- Input material
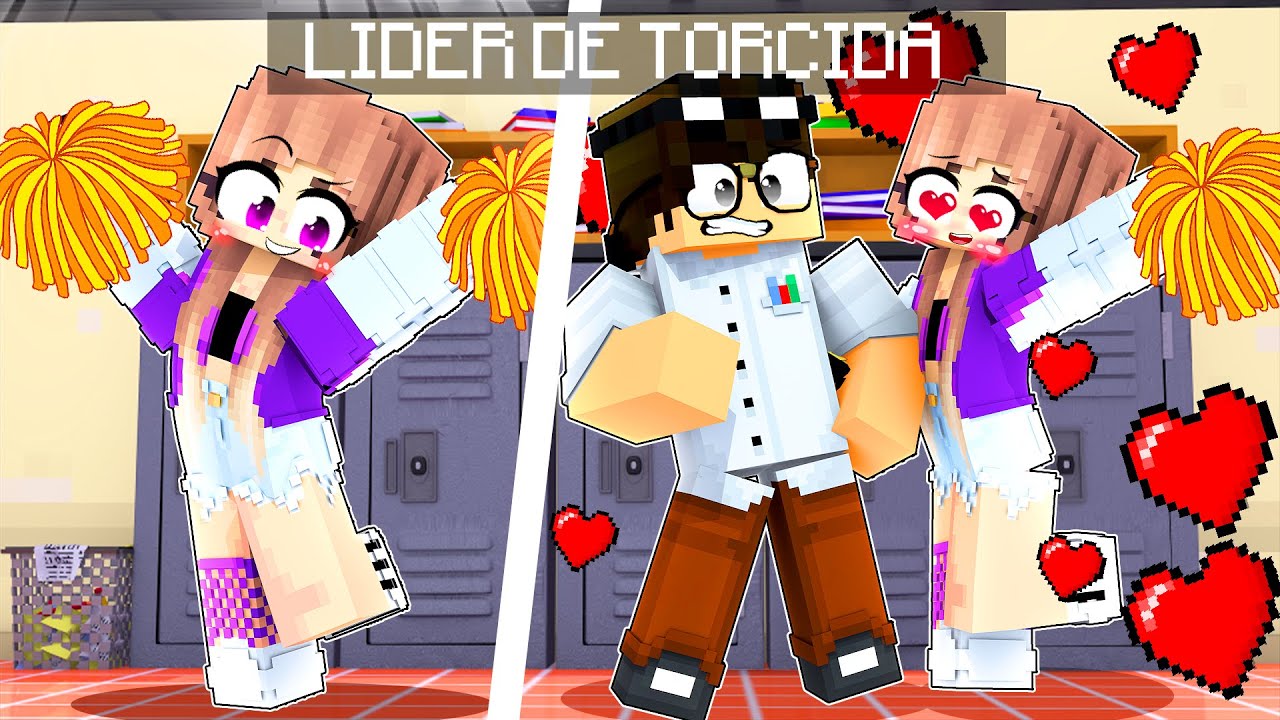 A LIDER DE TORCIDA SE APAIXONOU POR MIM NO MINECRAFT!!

==

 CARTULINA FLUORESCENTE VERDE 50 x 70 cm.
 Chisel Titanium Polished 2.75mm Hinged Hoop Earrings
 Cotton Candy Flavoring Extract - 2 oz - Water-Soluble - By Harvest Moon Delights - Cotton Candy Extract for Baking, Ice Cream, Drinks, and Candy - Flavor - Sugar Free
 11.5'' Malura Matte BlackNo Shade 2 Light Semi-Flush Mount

---

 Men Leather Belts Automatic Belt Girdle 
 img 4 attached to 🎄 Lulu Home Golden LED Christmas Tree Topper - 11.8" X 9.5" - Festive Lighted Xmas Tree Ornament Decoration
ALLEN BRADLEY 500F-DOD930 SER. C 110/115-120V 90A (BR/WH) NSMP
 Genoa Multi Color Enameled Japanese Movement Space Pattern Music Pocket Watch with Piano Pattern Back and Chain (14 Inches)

- What to do
In the listing above, the lines from the one containing "Chisel Titanium Polished" through the one containing "11.5'' Malura Matte" must be set down exactly, with no other lines.

- Response area
 Chisel Titanium Polished 2.75mm Hinged Hoop Earrings
 Cotton Candy Flavoring Extract - 2 oz - Water-Soluble - By Harvest Moon Delights - Cotton Candy Extract for Baking, Ice Cream, Drinks, and Candy - Flavor - Sugar Free
 11.5'' Malura Matte BlackNo Shade 2 Light Semi-Flush Mount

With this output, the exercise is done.